Eu tinha acabado de chegar na Revista da Moto!, ou simplesmente MOTO!, ao lado do Roberto Agresti, com quem eu já tinha trabalhado muitos anos antes na revista MOTOSHOW. Cheguei na edição 25, em 1996 com a missão de aliviar um pouco o sufoco do Roberto que escrevia a revista praticamente sozinho, apenas com seu sócio, o diretor de arte Marcos Moretti, o fotógrafo Ricardo Bianco, o fiel escudeiro Felipe Passarela e o auxílio luxuoso do pianista Julio Carone.
Na revista Duas Rodas eu tinha um status de piloto de teste e editor super respeitado no mercado. A linha editorial da Duas Rodas sempre foi mais voltada para mercado e prestação de serviço, que, confesso, não me agradava muito. Já a MOTO! seguia para uma linha mais jovial com competições e pautas atrativas como o já relatado teste 24 Horas (saiba mais clicando AQUI).
Perante o mercado, a Duas Rodas gozava de uma espécie de proteção por parte dos fabricantes de motos, não só pelo pioneirismo, mas porque os editores sempre adotaram a política de boa vizinhança com os fabricantes.
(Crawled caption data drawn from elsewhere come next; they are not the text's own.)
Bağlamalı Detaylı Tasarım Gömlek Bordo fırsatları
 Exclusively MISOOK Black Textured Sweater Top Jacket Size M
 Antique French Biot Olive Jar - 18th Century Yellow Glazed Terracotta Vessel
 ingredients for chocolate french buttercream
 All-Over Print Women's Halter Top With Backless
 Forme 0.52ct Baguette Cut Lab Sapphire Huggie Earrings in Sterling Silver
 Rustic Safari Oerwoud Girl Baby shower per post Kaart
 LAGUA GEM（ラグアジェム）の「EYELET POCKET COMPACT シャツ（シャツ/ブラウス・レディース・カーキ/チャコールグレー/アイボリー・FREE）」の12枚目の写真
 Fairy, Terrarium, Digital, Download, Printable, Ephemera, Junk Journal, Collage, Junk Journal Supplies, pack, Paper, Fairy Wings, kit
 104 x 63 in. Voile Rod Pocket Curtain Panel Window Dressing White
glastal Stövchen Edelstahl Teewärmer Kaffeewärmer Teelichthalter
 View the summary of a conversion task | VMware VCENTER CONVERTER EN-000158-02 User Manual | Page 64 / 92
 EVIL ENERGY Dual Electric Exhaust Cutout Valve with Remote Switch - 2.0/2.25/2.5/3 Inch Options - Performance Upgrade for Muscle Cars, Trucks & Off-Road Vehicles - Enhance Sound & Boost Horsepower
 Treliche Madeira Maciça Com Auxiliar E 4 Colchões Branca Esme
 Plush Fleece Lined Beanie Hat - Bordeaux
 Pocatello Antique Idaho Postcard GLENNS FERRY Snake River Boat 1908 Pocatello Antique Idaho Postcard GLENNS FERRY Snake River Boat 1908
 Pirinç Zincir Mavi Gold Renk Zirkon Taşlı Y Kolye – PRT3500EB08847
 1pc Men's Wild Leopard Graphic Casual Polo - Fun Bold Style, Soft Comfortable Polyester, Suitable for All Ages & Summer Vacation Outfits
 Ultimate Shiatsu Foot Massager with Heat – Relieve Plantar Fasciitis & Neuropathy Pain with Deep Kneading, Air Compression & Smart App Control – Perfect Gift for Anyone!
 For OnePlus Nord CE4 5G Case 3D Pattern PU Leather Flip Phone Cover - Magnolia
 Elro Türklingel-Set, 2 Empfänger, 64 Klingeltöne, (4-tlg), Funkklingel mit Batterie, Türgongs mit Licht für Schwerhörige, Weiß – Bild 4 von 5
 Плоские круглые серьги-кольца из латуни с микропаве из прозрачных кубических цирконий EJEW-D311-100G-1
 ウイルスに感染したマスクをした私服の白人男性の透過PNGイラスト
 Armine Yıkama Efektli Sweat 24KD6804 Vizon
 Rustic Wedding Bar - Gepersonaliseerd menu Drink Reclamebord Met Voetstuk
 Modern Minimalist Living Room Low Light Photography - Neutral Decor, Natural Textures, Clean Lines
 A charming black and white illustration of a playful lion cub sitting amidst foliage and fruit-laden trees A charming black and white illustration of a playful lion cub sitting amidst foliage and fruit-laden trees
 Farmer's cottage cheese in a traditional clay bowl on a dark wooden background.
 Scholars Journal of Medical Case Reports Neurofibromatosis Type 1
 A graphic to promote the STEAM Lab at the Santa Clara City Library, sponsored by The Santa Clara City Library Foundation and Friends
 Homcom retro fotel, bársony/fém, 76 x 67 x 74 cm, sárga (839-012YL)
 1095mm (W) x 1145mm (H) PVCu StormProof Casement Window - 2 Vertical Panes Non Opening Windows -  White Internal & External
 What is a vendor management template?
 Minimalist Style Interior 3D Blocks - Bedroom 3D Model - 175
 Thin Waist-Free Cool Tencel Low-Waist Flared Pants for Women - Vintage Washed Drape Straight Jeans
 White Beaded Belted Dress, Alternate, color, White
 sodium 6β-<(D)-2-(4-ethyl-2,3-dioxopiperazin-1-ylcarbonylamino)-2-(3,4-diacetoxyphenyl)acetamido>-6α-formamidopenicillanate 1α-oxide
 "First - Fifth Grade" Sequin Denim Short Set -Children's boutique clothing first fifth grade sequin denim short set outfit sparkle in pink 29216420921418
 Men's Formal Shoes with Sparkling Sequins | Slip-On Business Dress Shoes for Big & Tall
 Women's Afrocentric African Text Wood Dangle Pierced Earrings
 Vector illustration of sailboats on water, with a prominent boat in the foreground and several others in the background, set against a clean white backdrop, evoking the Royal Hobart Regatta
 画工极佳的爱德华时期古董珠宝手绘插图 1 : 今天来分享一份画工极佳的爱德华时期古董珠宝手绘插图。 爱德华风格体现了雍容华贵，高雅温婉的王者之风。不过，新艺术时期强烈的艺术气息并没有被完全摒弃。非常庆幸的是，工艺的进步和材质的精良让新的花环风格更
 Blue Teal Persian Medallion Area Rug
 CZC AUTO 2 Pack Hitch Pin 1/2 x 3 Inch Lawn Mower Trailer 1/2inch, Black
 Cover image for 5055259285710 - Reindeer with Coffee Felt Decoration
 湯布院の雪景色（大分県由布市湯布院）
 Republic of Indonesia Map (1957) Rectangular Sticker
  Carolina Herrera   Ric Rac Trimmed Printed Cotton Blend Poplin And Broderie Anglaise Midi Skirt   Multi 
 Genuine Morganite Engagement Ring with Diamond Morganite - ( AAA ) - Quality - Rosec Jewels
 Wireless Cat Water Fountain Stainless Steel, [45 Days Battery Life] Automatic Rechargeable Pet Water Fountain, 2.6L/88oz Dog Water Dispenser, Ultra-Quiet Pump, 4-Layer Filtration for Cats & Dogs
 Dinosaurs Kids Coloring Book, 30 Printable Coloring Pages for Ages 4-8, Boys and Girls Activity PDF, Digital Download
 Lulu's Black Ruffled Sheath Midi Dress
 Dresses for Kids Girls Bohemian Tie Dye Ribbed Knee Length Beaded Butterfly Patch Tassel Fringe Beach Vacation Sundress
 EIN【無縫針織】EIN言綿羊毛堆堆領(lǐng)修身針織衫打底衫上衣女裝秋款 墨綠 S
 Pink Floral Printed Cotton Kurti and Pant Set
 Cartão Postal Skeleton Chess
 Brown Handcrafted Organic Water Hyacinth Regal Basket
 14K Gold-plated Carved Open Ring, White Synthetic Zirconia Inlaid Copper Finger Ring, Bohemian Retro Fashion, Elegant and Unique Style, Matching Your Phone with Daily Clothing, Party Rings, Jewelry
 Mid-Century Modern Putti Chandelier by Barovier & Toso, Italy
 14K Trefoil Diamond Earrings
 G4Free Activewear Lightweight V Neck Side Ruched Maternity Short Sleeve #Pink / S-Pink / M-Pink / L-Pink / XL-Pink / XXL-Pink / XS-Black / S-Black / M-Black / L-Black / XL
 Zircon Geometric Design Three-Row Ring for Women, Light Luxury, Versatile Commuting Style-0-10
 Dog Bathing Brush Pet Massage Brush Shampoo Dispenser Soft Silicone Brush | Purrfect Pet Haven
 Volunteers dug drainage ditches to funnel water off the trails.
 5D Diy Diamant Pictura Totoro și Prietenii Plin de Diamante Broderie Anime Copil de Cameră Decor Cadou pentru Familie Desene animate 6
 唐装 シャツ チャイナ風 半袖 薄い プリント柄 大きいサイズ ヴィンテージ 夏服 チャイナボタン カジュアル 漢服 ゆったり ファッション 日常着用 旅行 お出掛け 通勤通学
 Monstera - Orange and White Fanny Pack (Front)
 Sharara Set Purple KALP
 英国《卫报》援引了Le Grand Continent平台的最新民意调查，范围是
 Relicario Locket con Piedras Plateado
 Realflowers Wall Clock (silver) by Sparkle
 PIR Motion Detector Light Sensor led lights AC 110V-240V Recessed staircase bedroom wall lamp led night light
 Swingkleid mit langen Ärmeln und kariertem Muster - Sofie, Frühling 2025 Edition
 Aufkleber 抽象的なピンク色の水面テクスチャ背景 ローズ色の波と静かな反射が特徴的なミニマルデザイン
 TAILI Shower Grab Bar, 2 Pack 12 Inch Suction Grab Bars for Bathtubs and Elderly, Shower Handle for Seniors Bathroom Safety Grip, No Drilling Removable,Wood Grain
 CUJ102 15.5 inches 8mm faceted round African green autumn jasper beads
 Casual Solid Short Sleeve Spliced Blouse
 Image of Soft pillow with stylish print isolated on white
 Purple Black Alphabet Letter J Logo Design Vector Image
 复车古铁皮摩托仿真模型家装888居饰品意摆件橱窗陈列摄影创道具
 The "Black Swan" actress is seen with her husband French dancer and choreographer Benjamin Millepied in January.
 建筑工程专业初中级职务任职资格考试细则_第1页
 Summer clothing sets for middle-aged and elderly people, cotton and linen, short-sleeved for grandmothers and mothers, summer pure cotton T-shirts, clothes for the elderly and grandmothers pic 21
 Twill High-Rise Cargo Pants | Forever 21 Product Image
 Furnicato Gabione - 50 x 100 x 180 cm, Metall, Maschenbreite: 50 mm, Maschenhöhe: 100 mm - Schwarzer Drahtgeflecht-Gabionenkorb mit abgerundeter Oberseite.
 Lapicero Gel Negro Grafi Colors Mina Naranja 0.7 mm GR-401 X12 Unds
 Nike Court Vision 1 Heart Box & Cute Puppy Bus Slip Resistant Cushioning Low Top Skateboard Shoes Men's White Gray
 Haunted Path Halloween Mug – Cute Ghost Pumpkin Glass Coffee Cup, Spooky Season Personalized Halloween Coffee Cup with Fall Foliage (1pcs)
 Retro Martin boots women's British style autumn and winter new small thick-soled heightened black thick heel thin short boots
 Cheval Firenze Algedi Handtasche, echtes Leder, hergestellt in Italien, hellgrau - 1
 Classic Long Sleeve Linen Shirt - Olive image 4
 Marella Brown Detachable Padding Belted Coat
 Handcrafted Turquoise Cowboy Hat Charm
Já a redação jovem e casca-grossa da MOTO! peitava os fabricantes e investia na emoção a qualquer preço. Essa postura não agradava muito os fabricantes, mas era a alegria dos comerciantes e importadores, que entregavam as mais exclusivas motos em nossas suspeitas mãos.
Lembro de ter pego várias motos importadas com exclusividade com a missão de fotografar e devolver sem deixar qualquer vestígio de uso porque estas motos já estavam vendidas! O dono nem fazia ideia que eu já tinha rodado com elas. É como dar uma rapidinha com a noiva virgem um pouco antes de ir pro altar.
Eu não podia deitar demais a moto senão batia na Ferrari!
Numa dessas “rapidinhas” quase morri do coração quando peguei uma Honda VFR 800 absolutamente nova em uma loja chique na elegante avenida Europa. O dono da loja ativou a moto na minha frente e fez um milhão de recomendações pra não marcar o disco de freio, nem os pneus, não riscar o tanque com o zíper do macacão, não isso, não aquilo... a lista de “não-pode” era enorme.
Finalmente subi na moto, pedi pro fotógrafo Ricardo Bianco esperar no carro, já pronto porque teríamos pouco tempo. Saí da loja, entrei na avenida, acelerei e quase mandei a moto pro espaço! O pneu traseiro ainda com cera derrapou de uma vez, sem avisar, a moto ficou atravessada no meio da Av. Europa, indo em direção ao carro do fotógrafo. Meu coração quase saltou pela boca, meu cérebro apenas registrava “não encoste no freio”, minha alma já tinha fugido e quando percebi a moto estava perfeitamente alinhada, em pé e inteira. Pelo espelho eu vi o dono da loja com as duas mãos na cabeça e o enorme risco preto que o pneu deixou no asfalto. Até hoje ele pensa que foi de propósito. E até hoje eu tenho certeza que Deus olhou lá de cima, ficou com pena de mim e endireitou a moto.
Esta introdução é para entender o tamanho da pressão que foi testar uma Ferrai e uma Ducati, ambas emprestadas, com milhões de recomendações. Os donos só não sabiam que estávamos com a proa rumo ao sul de SP, mais precisamente para Interlagos. Sim, a pista!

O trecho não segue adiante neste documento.